> **THE TASK**
From the data below, retype exactly the lines starting with the one that contains "JIMEJV USB Rechargeable" and ending with the one that contains "GOLDEN GOOSE BALL-STAR", both included.

> **MATERIAL FOR THIS EXERCISE**
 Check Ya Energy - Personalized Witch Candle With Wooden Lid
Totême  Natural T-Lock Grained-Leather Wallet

--

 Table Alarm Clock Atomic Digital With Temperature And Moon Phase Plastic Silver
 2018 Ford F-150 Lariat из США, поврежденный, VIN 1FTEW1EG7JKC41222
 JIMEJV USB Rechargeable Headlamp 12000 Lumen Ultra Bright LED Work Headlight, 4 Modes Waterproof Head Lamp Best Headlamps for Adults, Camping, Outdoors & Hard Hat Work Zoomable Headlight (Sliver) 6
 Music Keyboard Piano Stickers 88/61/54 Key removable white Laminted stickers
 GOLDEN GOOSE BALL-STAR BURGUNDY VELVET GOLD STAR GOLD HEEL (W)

...

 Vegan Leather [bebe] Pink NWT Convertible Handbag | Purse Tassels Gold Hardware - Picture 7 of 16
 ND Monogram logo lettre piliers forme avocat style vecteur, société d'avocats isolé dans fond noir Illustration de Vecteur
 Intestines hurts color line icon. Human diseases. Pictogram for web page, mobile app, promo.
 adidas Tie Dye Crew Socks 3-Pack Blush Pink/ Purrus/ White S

> **TASK ANSWER**
 JIMEJV USB Rechargeable Headlamp 12000 Lumen Ultra Bright LED Work Headlight, 4 Modes Waterproof Head Lamp Best Headlamps for Adults, Camping, Outdoors & Hard Hat Work Zoomable Headlight (Sliver) 6
 Music Keyboard Piano Stickers 88/61/54 Key removable white Laminted stickers
 GOLDEN GOOSE BALL-STAR BURGUNDY VELVET GOLD STAR GOLD HEEL (W)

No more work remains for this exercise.